Growing optimism amongst Scottish smaller firms won’t last unless ministers do more to help them tackle escalating costs, says a business leader.

Optimism is at its strongest since the summer of 2015, according to new research.

The Federation of Small Businesses (FSB) figures show the average Scottish business is now more hopeful about prospects than its UK-wide equivalent for the first time since the third quarter of 2020.

FSB’s Scottish small business confidence index rose to +20.5 points this summer from +18.8 points in the first quarter of the year.

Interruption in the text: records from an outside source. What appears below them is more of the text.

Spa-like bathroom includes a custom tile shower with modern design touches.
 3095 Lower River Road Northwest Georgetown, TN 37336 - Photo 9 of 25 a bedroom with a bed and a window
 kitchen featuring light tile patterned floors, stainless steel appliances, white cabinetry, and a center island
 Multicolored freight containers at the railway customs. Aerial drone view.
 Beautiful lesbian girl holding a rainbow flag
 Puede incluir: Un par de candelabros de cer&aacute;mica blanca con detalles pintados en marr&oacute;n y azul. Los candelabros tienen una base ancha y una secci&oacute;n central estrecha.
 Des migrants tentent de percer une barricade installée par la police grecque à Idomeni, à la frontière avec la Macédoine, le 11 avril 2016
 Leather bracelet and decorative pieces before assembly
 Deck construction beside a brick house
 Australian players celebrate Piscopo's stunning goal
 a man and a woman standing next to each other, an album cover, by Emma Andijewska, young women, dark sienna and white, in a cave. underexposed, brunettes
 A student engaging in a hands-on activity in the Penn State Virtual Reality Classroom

The equivalent UK-wide figure fell to +18.6 points from +27.3 points in the first three months of 2021. The index measures whether firms believe trading conditions will improve or deteriorate over the next three months.

However, almost two thirds (64%) of Scottish firms reported an increase in running costs over this time last year, while only 8% said their overheads had decreased. Further, more Scottish firms believe their profits will fall over the next three months than increase.

Andrew McRae, the FSB’s Scotland policy chairman, said: “These figures show just how tough the last 18 months have been for Scottish businesses.

“Despite punishing increases to overheads and fears about profits, firms north of the border are the most confident they’ve been in years that trading conditions will improve.

“But this post-lockdown positivity won’t last unless policymakers get behind our local firms during the recovery.

“That means taking steps to tackle spiralling overheads. It means ensuring that smaller firms aren’t crushed by the debts they took on to survive. It means providing new protections for the self-employed so that we can encourage the next generation of entrepreneurs.

“As the economy has reopened, skills and staff shortages have given firms across Scotland a headache. Self-isolation rules and a reduction of workers caused by the UK leaving the EU are amongst the factors that have been blamed.”

UK grows at fastest for 80 years

The economy is now expected to grow 7.6% this year – the fastest rate of growth since 1941 – rather than the 6.8% predicted by the EY Item Club in April’s Spring Forecast.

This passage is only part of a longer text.